Ieri sono partite le ultime rondini. Giovani involtai tardi del cui destino non saprei dire, mi sembra tardi e credo che lo stormo sia già partito.
Le prime erano arrivate gli ultimi giorni di marzo e, trovando i nidi già pronti dalla stagione precedente, si erano subito messi in faccenda.
Per tutta la primavera e l’estate ho sentito le loro chiacchiere proprio sotto il pavimento della camera dove dormo: guardando tra mattone e mattone si potevano vedere i loro traffici.
Il pavimento è sconnesso, i contadini che abitavano la casa prima di noi, facevano in questa stanza la “salata”, le carni del maiale: il sale ha mangiato i mattoni che hanno perso consistenza insieme alla malta che li legava; fessure di un dito aprono sul mondo sottostante.
Qualche anno fa, un tardo pomeriggio alla fine di agosto, ho visto sulla costa uno stormo di molte miglia di rondini: certamente si stavano preparando per il viaggio di ritorno. Migliaia di esseri che coprivano il cielo e lo riempivano delle loro grida, rinserrandosi, riconoscendosi, sentendosi corpo unico e come tale andavano ad affrontare il mare e il continente africano, fino ai quartieri di svernamento.
Qual’è casa loro? Quella dove nascono o quella dove crescono? Non saprei, non credo che le rondini si pongano il problema.
Ora, domani forse, pulirò la stanza dall’abbondanza di escrementi che la copre, chiuderò il finestrotto dal quale andavano e venivano, sapendo che all’inizio della primavera loro saranno lì e gireranno attorno a casa finché non aprirò.
Da cosa è governato tutto questo?
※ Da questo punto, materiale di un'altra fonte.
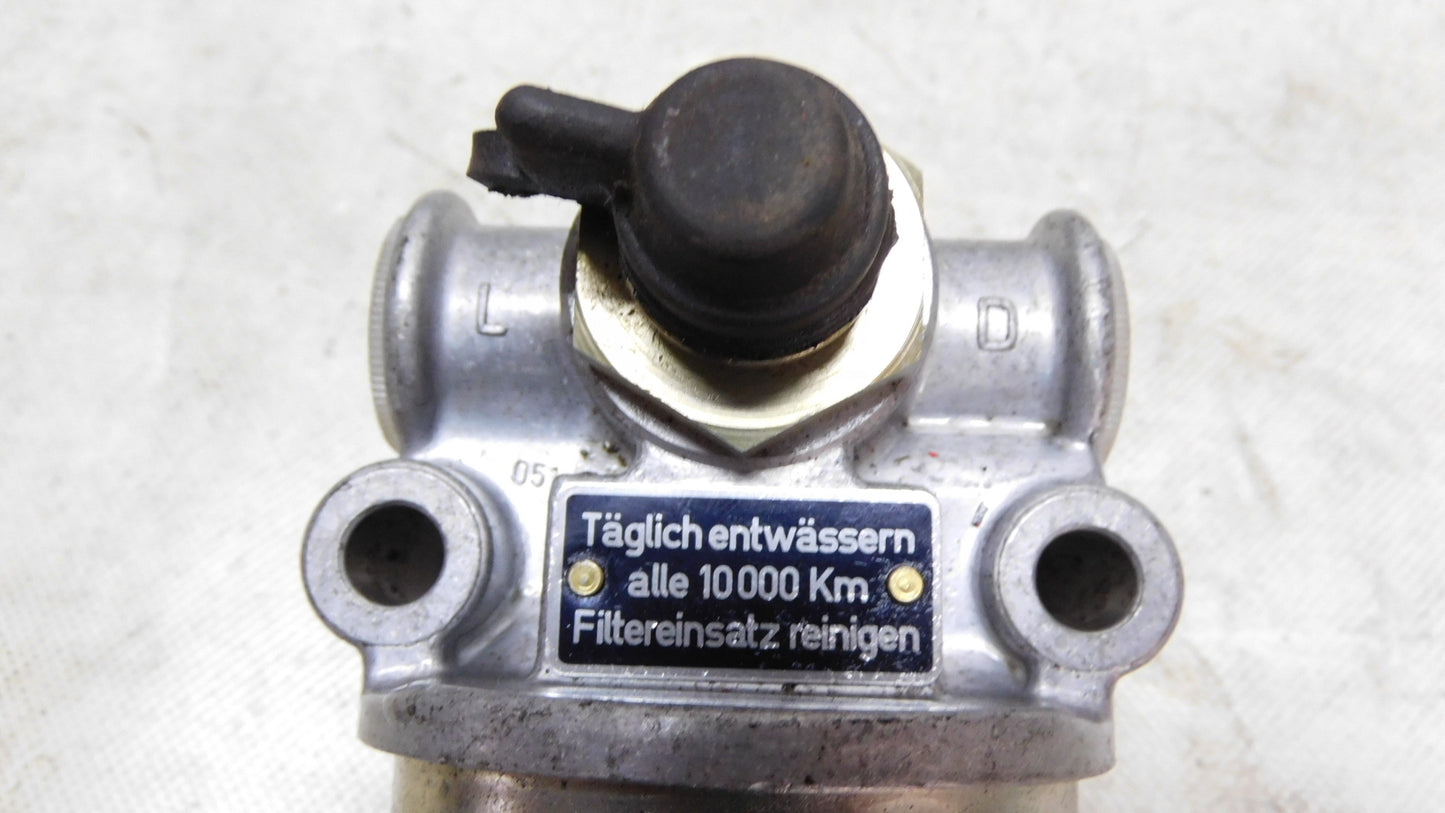 Wasser Abscheider Wegeventil mit Filter 0457101001 Bosch Knorr Bremse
Sicuramente da leggi precise iscritte nell’essere delle rondini.
Non riesco a vedere il particolare più di tanto: andando avanti vengo colpito dall’insieme, più che dal particolare.
L’insieme mi sorprende come amore, come canto dell’amore: mi sembra che tutto ciò che si manifesta non parli, non narri, che questo.
Il mio essere, il tuo, le rondini, l’autunno che si affaccia, mi parlano di questo come in un sussurro.